## What to do
For the copy, please give all of the data again exactly and leave the pictures out.

## Stored data
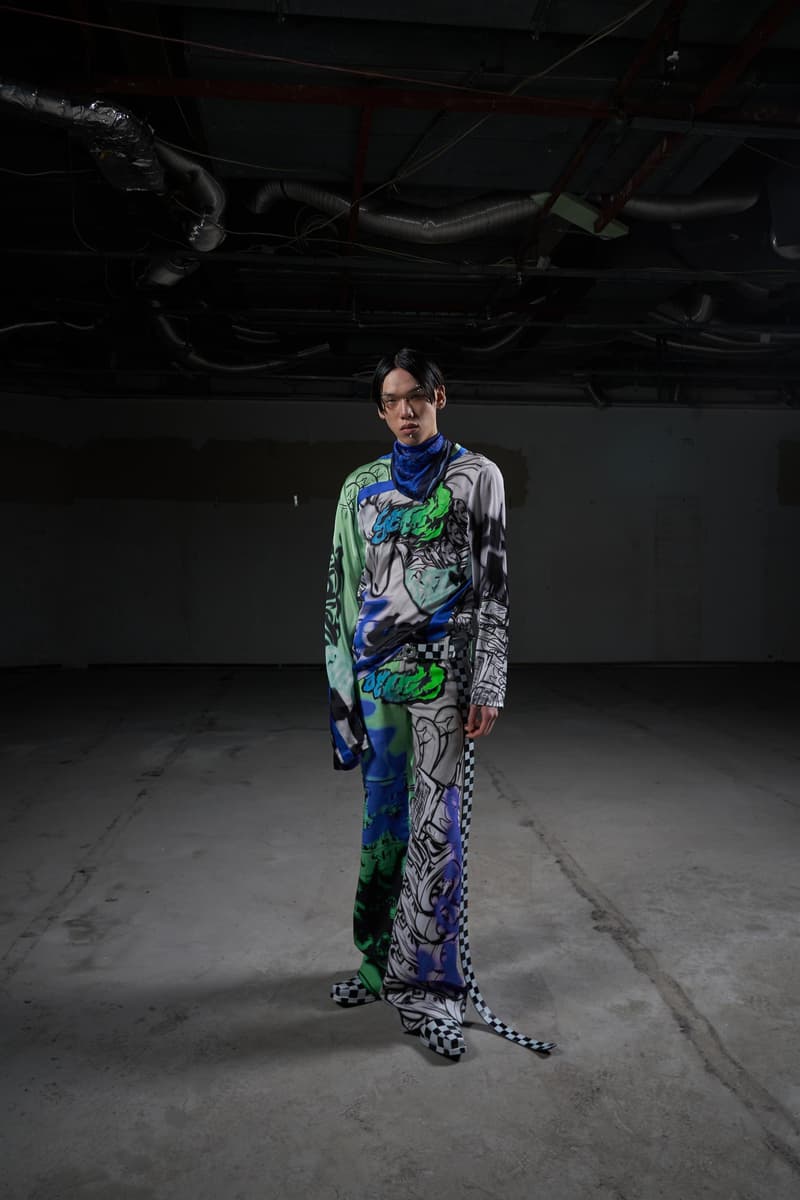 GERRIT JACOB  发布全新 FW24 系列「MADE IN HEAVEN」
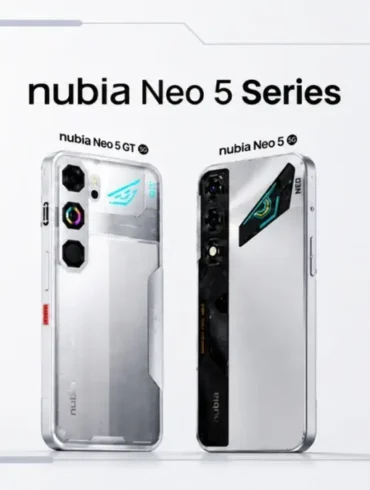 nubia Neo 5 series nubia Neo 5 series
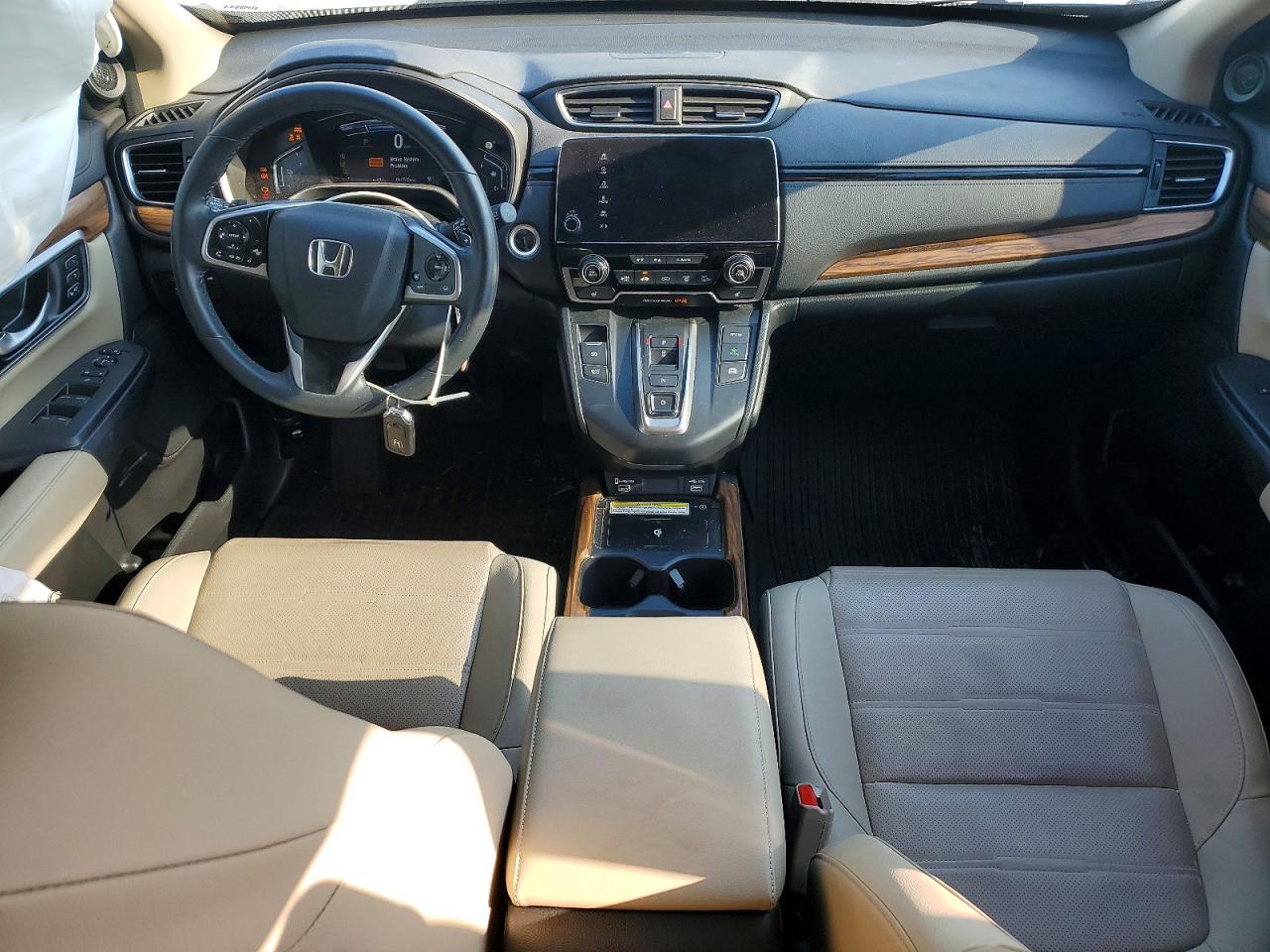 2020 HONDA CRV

## Answer to this task
 GERRIT JACOB  发布全新 FW24 系列「MADE IN HEAVEN」
 nubia Neo 5 series nubia Neo 5 series
 2020 HONDA CRV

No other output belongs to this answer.